Choosing an accountant
It is important to choose an accountant who is appropriate for the type of work you do, particularly if you trade in an area that has specific tax rules or your company is a high-growth venture.
The majority of small businesses will simply require straightforward services from an accountant. In which case, you just need to find a reputable individual or local firm with a good track record of dealing with small businesses and start-ups. You may find it useful to ask friends or professional contacts for recommendations.
Arrange a no-obligation introductory meeting with a few accountants to compare their services and fees. Many of them offer the choice of monthly and annual fixed-fee services. This is a good way to plan ahead, and it can provide peace of mind knowing that all of your accountancy needs are taken care of.

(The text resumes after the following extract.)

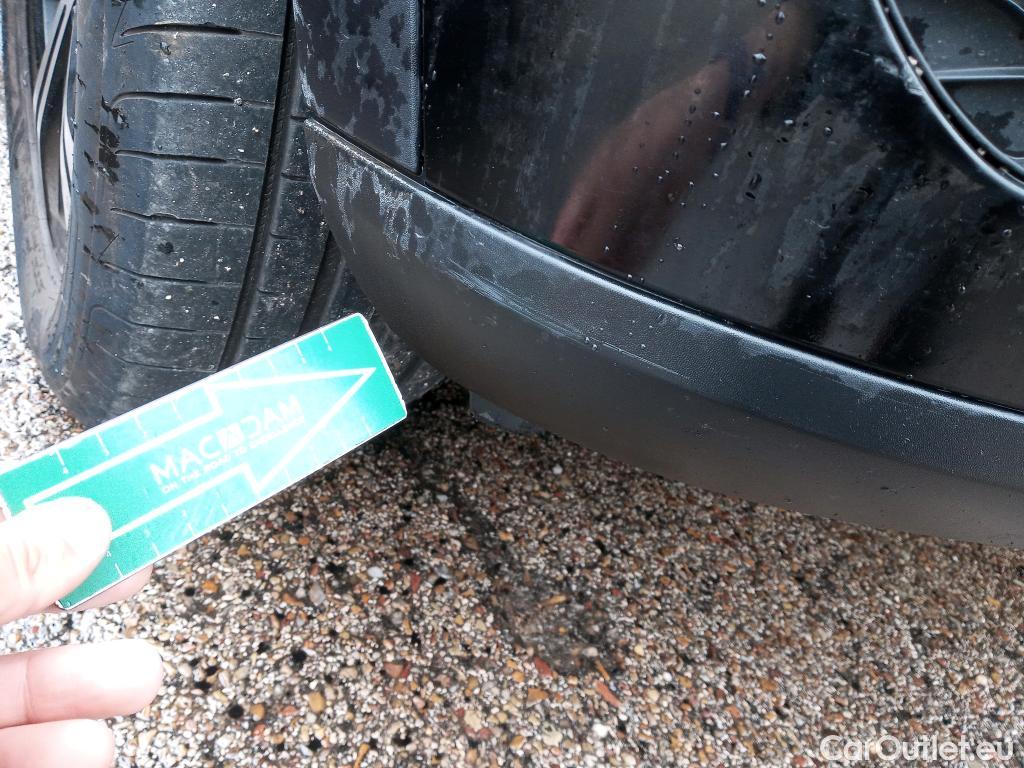  Mercedes  G-Klasee MERCEDES-BENZ GLE / 2018 / 5P / todoterreno GLE 350 de 4MATIC (Híbrido Enchufable) #11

On the other hand, you may prefer to use an accountant that can provide a pay-as-you-go service. This will allow you to pay only for the services you need, as and when required. However, these fees can mount up quickly so you must ensure all requirements and fees are discussed in advance.
If you do appoint a tax advisor or an accountant to complete annual accounts and tax returns on your behalf, you must tell HMRC as soon as possible. However, as the director of the company, you still ultimately responsible. Therefore, you must ensure that your accountant is given accurate records and that they file accounts and tax returns by the statutory deadlines.

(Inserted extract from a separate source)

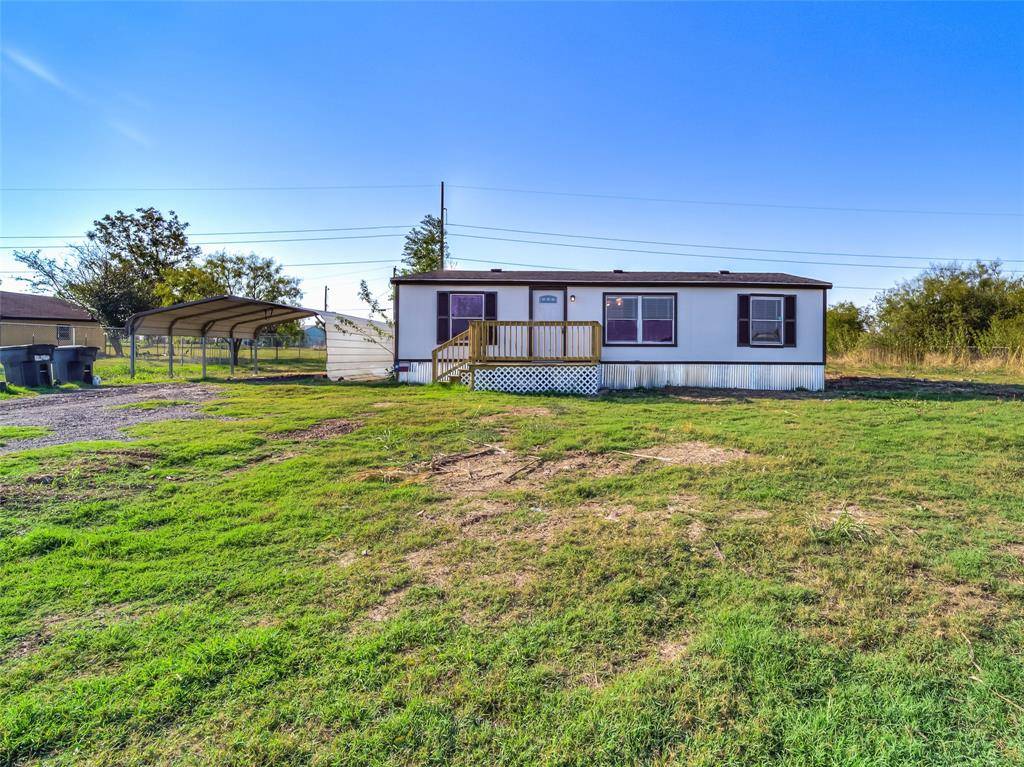 Alvarado, TX 76009,8604 Green Ridge Court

When are limited company accounts audited?
Audits can be time-consuming and costly because they involve a full stocktake and thorough analysis and review of all accounting records, including bank accounts.

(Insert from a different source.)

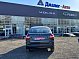 Lada (ВАЗ) Granta Comfort'23, 2024 года, пробег 22233 км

The majority of small to medium-sized companies will not require an audit, unless:
- their articles of association explicitly state that an audit should be carried out
- an audit request is made by shareholders who own at least 10% of the company’s issued shares
An audit must be carried out by an independent accountant who is authorised to act as an auditor. Even if your company is exempt, an audit can be extremely beneficial because it will enable you to review the financial position of your company and reassure lenders and investors that your business is viable and profitable.
What is a profit and loss account?
A profit and loss account, which may also be referred to as a profit and loss statement, is one section of full financial accounts.
This statement shows the financial performance of the business over the course of a financial year, including the revenues generated from sales, the running costs incurred in generating these revenues, and the resulting profit or loss on operations during that period.
This information enables shareholders and directors to see how the business is performing. It is used by HMRC to calculate the tax liability of the company.
What is a balance sheet?
A balance sheet is another section of full financial accounts. It shows the assets and liabilities of a company (what it owns and owes) and the overall value of the business on the particular date that the balance sheet was completed.
Difference between annual accounts and annual confirmation statements
Annual accounts report on the financial activity of a company during each financial year. Accounts must be prepared every year for Companies House and HMRC.
Annual confirmation statements should be filed at Companies House at least once every 12 months. The purpose of the statement is to confirm (and update where necessary) key company details on a certain date, including:
- registered office address
- SAIL address
- directors’ details
- secretary details
- shareholders’ or guarantors’ details
- share capital
- nature of business activities
- People with significant control (PSCs) of the company
The company information that can be updated on the confirmation statement are details of shares and shareholders, Standard Industrial Classification (SIC) codes, and exemption from keeping a PSC register. All other changes must be reported to Companies House separately, either before or at the same time as filing the confirmation statement.